:: Instructions for the task ::
Which lines belong in the answer? Exactly those from the line containing "画像2: 7ハンドメイドギャザースカート【カメ猫柄グレー系　70cm丈】" through the last line of the records below, repeated as written.

----------------

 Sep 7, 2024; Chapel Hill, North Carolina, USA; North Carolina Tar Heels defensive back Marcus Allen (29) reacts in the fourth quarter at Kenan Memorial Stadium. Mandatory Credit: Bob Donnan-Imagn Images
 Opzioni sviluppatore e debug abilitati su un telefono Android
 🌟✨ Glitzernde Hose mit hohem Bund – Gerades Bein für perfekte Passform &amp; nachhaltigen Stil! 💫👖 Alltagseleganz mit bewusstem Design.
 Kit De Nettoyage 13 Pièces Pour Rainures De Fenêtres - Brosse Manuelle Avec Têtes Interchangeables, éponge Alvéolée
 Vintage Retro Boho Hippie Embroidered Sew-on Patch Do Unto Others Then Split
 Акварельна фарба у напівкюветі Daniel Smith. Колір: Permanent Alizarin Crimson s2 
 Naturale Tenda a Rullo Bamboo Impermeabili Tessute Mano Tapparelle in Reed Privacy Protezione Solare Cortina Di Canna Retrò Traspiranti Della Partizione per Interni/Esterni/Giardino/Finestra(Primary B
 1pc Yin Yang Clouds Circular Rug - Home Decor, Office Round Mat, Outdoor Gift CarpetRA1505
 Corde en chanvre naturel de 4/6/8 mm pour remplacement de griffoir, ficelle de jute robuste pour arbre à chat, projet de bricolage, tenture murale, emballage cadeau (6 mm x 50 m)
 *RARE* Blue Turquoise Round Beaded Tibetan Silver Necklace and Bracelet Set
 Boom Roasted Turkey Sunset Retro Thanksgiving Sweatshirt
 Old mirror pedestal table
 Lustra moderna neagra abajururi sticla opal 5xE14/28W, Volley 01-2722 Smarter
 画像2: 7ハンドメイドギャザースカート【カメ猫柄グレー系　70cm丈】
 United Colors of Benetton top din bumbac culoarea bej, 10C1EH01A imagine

----------------

:: Answer to this problem ::
 画像2: 7ハンドメイドギャザースカート【カメ猫柄グレー系　70cm丈】
 United Colors of Benetton top din bumbac culoarea bej, 10C1EH01A imagine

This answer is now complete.